**YOUR TASK**
Would you return the lines from the one that contains "this 1200×675 image." to the last line of the entries below, exactly and with nothing added?

**AVAILABLE RECORDS**

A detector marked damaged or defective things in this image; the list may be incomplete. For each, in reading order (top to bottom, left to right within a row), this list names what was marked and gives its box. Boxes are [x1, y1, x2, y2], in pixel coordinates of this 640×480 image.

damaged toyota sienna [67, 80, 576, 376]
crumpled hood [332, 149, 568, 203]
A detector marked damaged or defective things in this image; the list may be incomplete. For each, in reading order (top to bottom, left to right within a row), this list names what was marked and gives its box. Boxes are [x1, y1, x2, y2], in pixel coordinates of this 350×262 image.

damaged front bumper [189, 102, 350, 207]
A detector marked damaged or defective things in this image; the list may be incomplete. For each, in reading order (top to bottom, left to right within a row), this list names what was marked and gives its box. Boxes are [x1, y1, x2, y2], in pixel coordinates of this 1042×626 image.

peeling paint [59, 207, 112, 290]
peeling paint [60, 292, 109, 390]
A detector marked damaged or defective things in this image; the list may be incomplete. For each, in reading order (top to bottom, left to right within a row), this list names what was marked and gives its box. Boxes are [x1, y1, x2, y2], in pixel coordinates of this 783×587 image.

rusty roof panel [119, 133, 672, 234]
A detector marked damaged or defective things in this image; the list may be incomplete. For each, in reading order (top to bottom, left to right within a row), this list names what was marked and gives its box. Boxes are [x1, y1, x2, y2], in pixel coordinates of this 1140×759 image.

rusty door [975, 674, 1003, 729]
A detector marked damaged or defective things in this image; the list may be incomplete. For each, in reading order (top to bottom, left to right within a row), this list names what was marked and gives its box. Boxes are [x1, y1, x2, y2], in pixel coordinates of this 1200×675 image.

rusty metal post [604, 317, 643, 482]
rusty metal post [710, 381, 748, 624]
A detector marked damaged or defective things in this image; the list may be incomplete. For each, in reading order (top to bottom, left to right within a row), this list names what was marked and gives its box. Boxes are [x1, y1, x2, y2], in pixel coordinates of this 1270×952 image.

**SOLUTION BELOW**
A detector marked damaged or defective things in this image; the list may be incomplete. For each, in reading order (top to bottom, left to right within a row), this list names what was marked and gives its box. Boxes are [x1, y1, x2, y2], in pixel coordinates of this 1200×675 image.

rusty metal post [604, 317, 643, 482]
rusty metal post [710, 381, 748, 624]
A detector marked damaged or defective things in this image; the list may be incomplete. For each, in reading order (top to bottom, left to right within a row), this list names what was marked and gives its box. Boxes are [x1, y1, x2, y2], in pixel coordinates of this 1270×952 image.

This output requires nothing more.